— Work to complete —
Reproduce the records below exactly; no pictures.

::: Input data

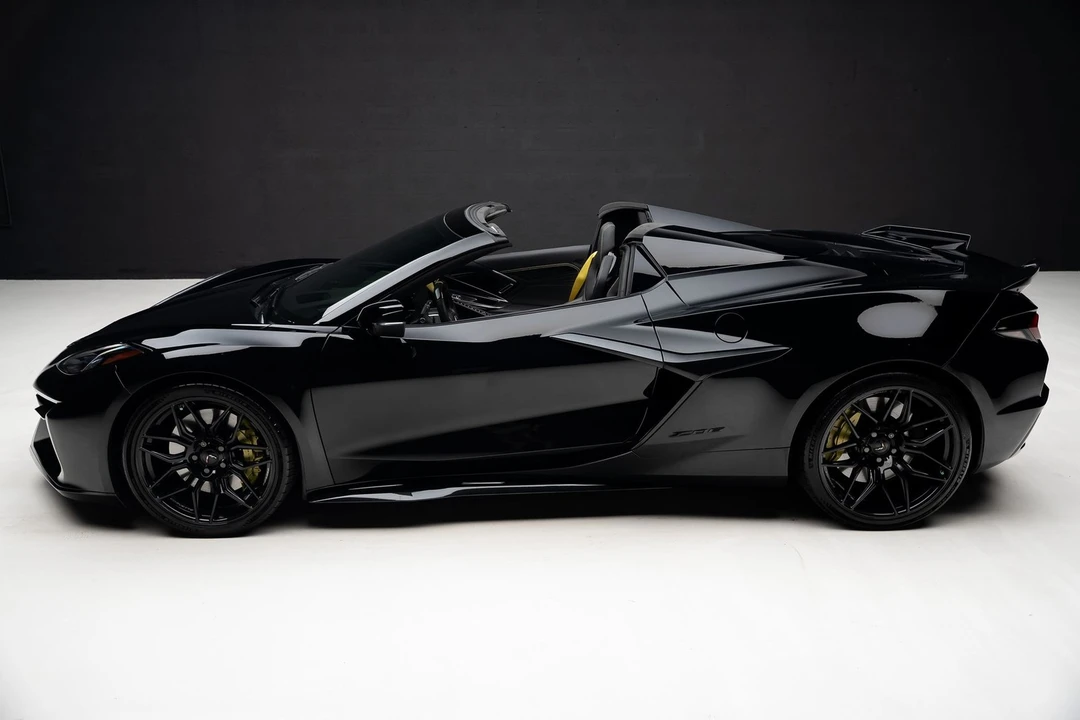 2023 Chevrolet Corvette C8 Z06 - Image 18 of 31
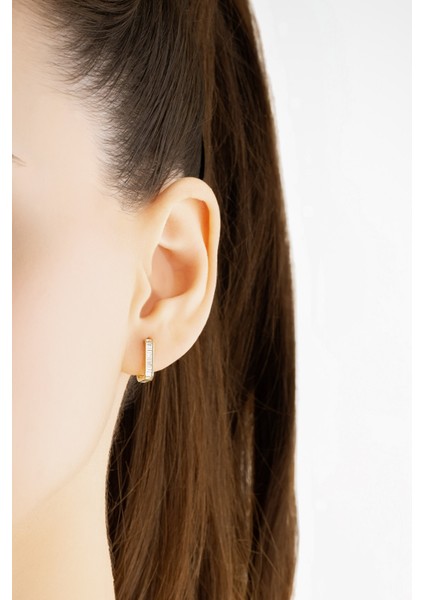 Baget Taşlı 18 Ayar Sarı Altın Kaplama Gümüş Kare Küpe modelleri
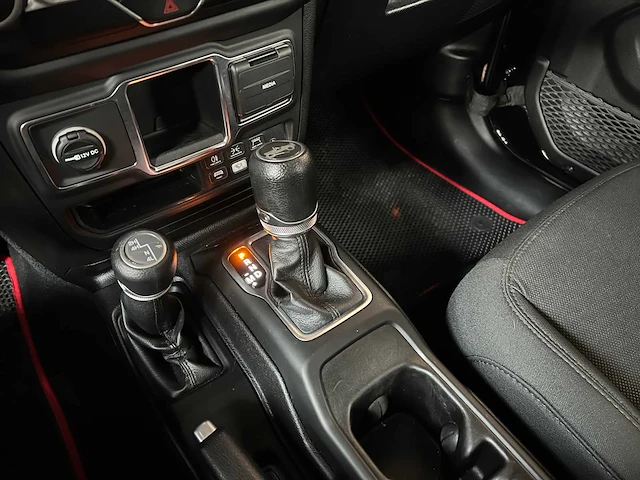 Jeep wrangler 2.0 t sport 2018 - afbeelding 22 van  44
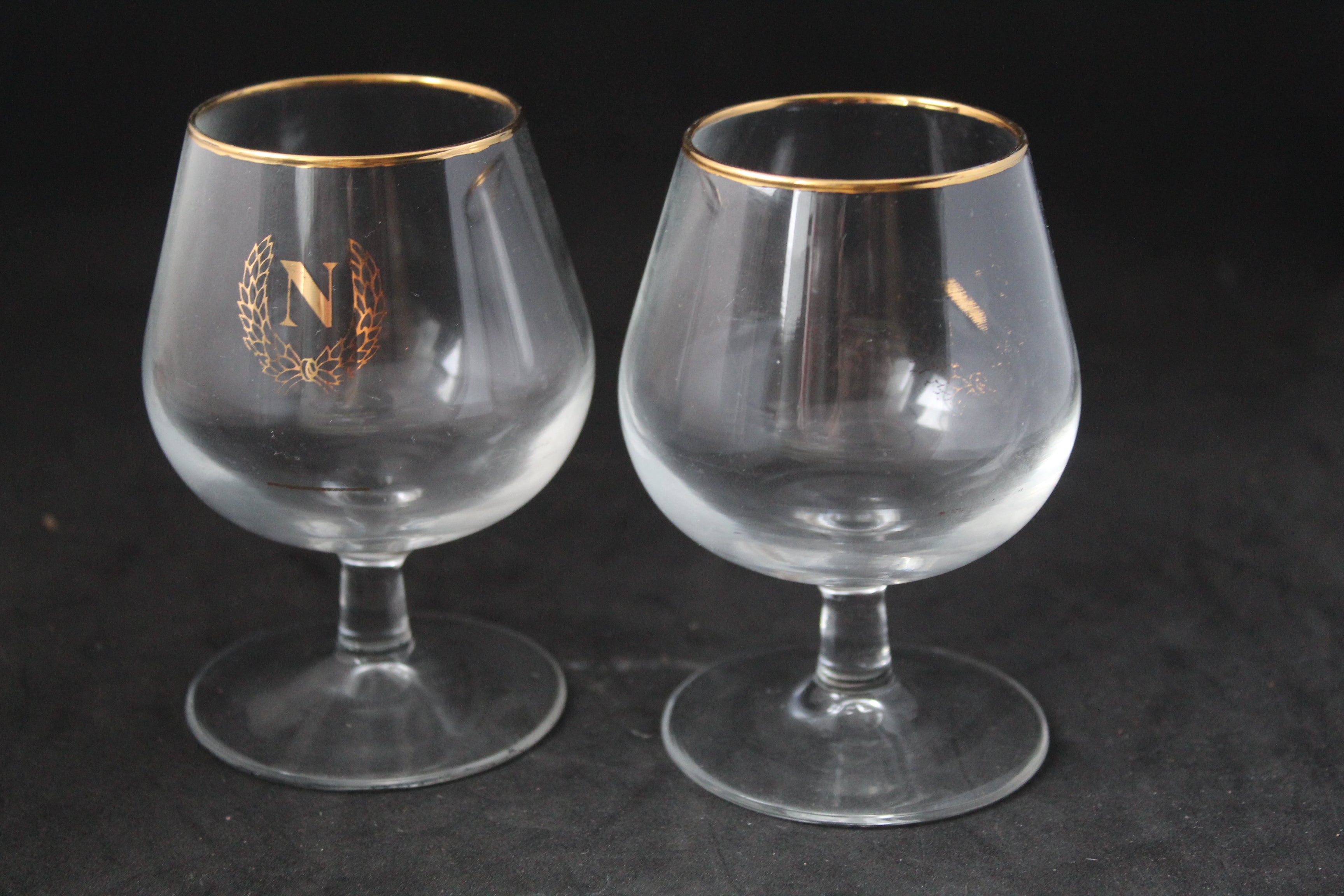 Lot de 2 verres à Armagnac – Marquis de Montesquiou – Gravure dorée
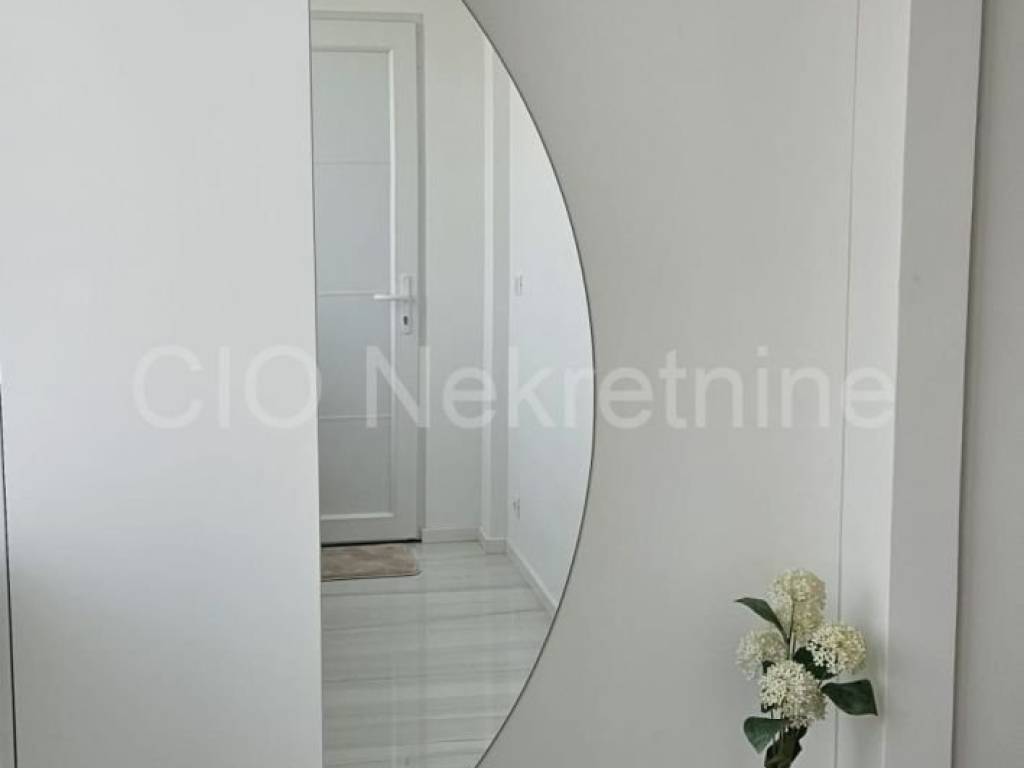 Flat in a building, Sale, Split, Split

::::::

— Answer to the exercise —
 2023 Chevrolet Corvette C8 Z06 - Image 18 of 31
 Baget Taşlı 18 Ayar Sarı Altın Kaplama Gümüş Kare Küpe modelleri
 Jeep wrangler 2.0 t sport 2018 - afbeelding 22 van  44
 Lot de 2 verres à Armagnac – Marquis de Montesquiou – Gravure dorée
 Flat in a building, Sale, Split, Split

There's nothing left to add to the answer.